Its name is Human Events, the conservative weekly and one-time four-page newsletter. Three Cabinet members, the White House lawyer, a White House speech-writer and the secretary of the navy, among others, turned up to celebrate by the vegetable dip and moodily lit Jacuzzi.

"Have our wildest dreams come true?" said Allan Ryskind who, compared with Thomas Winter, is the more talkative of the newspaper's two owners. "Well, it's pleasant. I mean the fact that you do have a certain amount of pull is, ahhh, nice."

Lately the pull has extended into continuous complaints about the moderates running the White House, most notably chief of staff James A. Baker III. Baker was on the guest list, and for a while everybody thought he might appear for a love-fest or showdown. But no. The party percolated smoothly along, composed of several hundred other socially agreeable Republicans.

Among them was Rep. Jack Kemp (R-N.Y.), the well-known supply-sider who praised Ryskind as one of the original promulgators of that economic theory.

"Oh sure, oh sure," said Ryskind, beaming.

"Even though it's failed miserably?" asked Kemp.

"Oh sure, oh sure," said Ryskind.

"I was being facetious," Kemp said to a reporter.

The party was given by Kemp and four others: Conservative columnist M. Stanton Evans, White House Fellows program director James Roberts, Young America's Foundation president Ronald Robinson and Edward Dent, director of Americans for the National Voter Initiative amendment. All have been supported, or reprinted, by Human Events. "The occasion," said Dent, "is to honor two great guys."

But the guys were surprised. "All of this was sprung on us," said Winter, not displeased. "All of the invitations were sent out and all of this was done behind our backs."

It was also an occasion to promote both the newspaper and conservatives, a Washington species whose members are enjoying a renaissance they know might be temporary. So they happily drank, chortled and dismissed what could be an ominous future in next fall's elections.

"We didn't take 20 years to get thrown out of town in two," said Hugh Newton, a public relations consultant with the conservative Heritage Foundation.

The party was held at Dent's house in, of all strange places for conservatives, Georgetown. Nobody missed the irony; in fact, Democratic statesman Averell Harriman's house was just a few blocks away. "We're having a party in Georgetown!" said Pat Buchanan, Richard Nixon's former speech-writer. "From here it's straight on up."

The house was long and narrow.

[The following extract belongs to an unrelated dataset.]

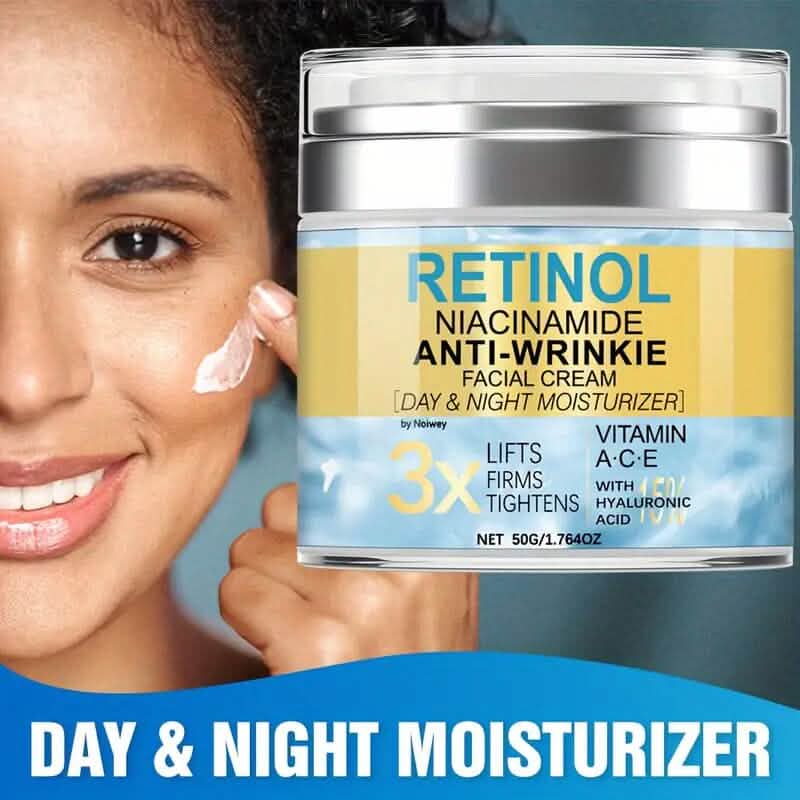 Crème Visage Rétinol et Collagène 50g Anti-Rides et Liftante avec Vitamine E, Niacinamide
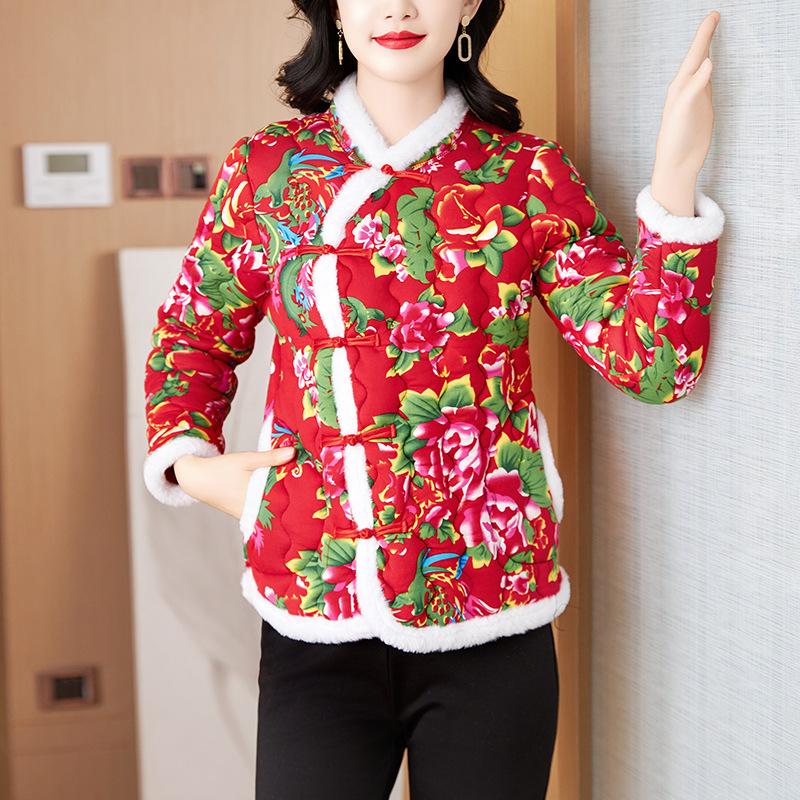 

Зимняя новинка, китайская цветочная куртка с длинными рукавами, женственное ретро-пальто с хлопковой подкладкой 5XL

Wandering from front to back you found the living room with a grandfather clock, the dining room with cheeses, etc., the kitchen with the catered help, the exposed brick solarium with a glowing fire, and then the tent-covered patio with more food, a bass player, a guitar player and, behind them, the Jacuzzi. Everybody was too dressed up and polite to consider using it.

The Cabinet members who came were Attorney General William French Smith, Health and Human Services Secretary Richard Schweiker and Transportation Secretary Drew Lewis. Secretary of the Navy John Lehman, White House speech-writer Anthony Dolan and White House counsel Fred Fielding were there, too. Fielding kept his mouth shut by the fire; a few feet away, M. Stanton Evans opened his about White House moderates.

"I like Jim," he said of Baker, "but he's sort of the highest level one of the moderates in the White House, so he becomes a symbol . . . they could appoint hari krishnas and bag ladies, if they could get the job done."